27 Nisan 2014 Pazar

Lezzet ve Tarih, Gaziantep

Haftanın son günü, son günün son saatleri, herkese sıcacık bir merhaba... Güzel geçirdiğim bir haftanın ardından güzel geçmesini ümit ettiğim bir haftaya daha başlamadan önce dolu dolu geldim bu postuma. Bu sefer ahşap değil paylaşacağım. Aniden karar verip çıktığımız bir gezi. Nereye mi? Rotamızı lezzet ve tarih adına Gaziantep' e çevirdik. Öyle etkilendim ki anlatamam. Mutlaka gidenler vardır, gitmek isteyenler de... Yada belki gidemeyecekler. Ben de öyle bir şey yapayım ki, bilenlere hatırlatsın, gideceklere fikir olsun, gidemeyenlere de gitmiş kadar olduk dedirtsin:)) Dünya kadar fotoğrafla döndüm geriye. Tarihine hiç girmeyeceğim çünkü isteyenler için gani gani bilgi var internette. Biraz gözlere şenlik bir gezinti olsun istiyorum ben. Ancak çektiğim 500' ün üzerinde foto blog için öldürücü olacağından zaman zaman linklere tıkladığınızda topluca görebileceksiniz görselleri. Hazır mısınız?
Gaziantep Havalimanına inişin ardından valizi otele attığımız gibi soluğu Zeugma Mozaik Müzesinde aldık. Büyüleyici mozaiklerle dolu bu müzeye girince 3D tanıtım filmini izlemelerini tavsiye ederim. Geziniz için kulaklık da alabilirsiniz. Müze girişinde müzekart kullanabilirsiniz. Film için 3 TL kulaklık için 5 TL alıyorlar.
Linki tıkladığınızda 111 adet fotoya ulaşabilirsiniz.

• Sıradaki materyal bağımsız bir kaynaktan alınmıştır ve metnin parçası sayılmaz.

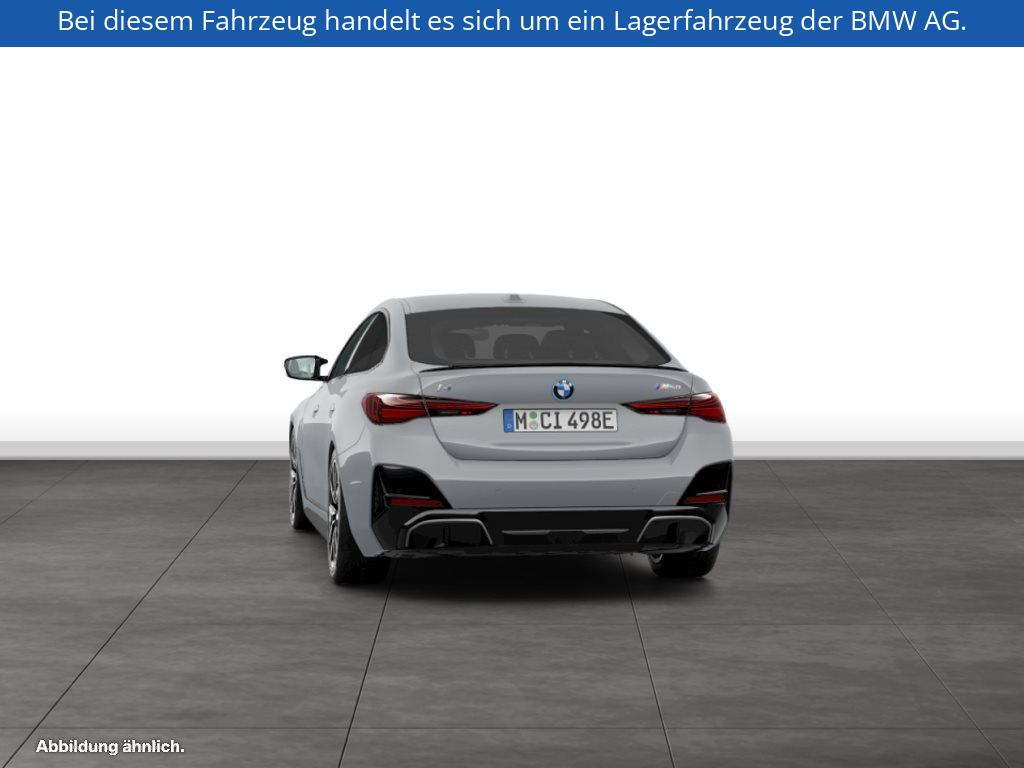 Fahrzeugabbildung BMW i4 M50 xDrive Gran Coupé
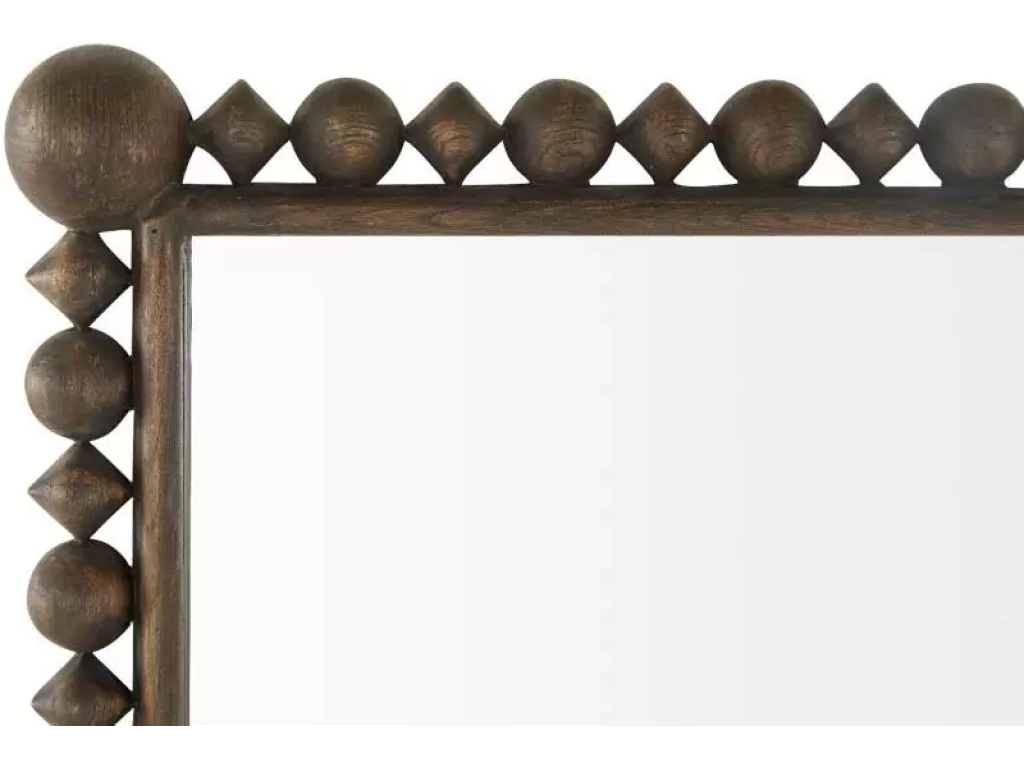 Beau Mirror - Dark - image 3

Müzenin hemen arkasında Halil Usta mutlak lezzet durağı olmalı. Salaş görünümlü bu yerde yediğimiz karışık kebap ve küşlemeyi (kuzunun belkemiğinin iki yanında uzanan, bir kuzudan ancak 9-10 kuşbaşı büyüklüğünde alınan yumuşak lezzetli et) unutmak mümkün değil. Yıllardır aynı emeği ve özeni göstermiş olacak ki buraya gelip de ona uğramayan yok.


Karnımız doyup enerjimizi aldıktan sonraki durağımız Koçak Baklava:)) Muhteşeeeem...


Artık eritmek lazım, istikamet tarihin içine doğru. 


Tahmis' de kahve içmeden geçmeyin derim. 


Kahvekolik birisi olarak tüm durakları değerlendiririm:)))


Antepli bir arkadaşımız var, ablası hala orada. Yıllardır salçayı evlerinde yapan bir aileden alıyorlarmış. Buraya kadar gelmişken, salça, fıstık, tatlı, baharat,kahve almadan dönülür mü? Beyefendiye bir telefon, 2 dakikada yanımızda oluverdi. Bizi aldığı gibi yanına tık tık nokta harekatı bütün alışverişimize yardımcı oldu, sonra da bizi evine aldı, ağırladı. Güzelliğe bakar mısınız, ortadaki açık alana hayat diyorlar. Yazın komşular geliyormuş, sohbet muhabbet, çaylar kahveler...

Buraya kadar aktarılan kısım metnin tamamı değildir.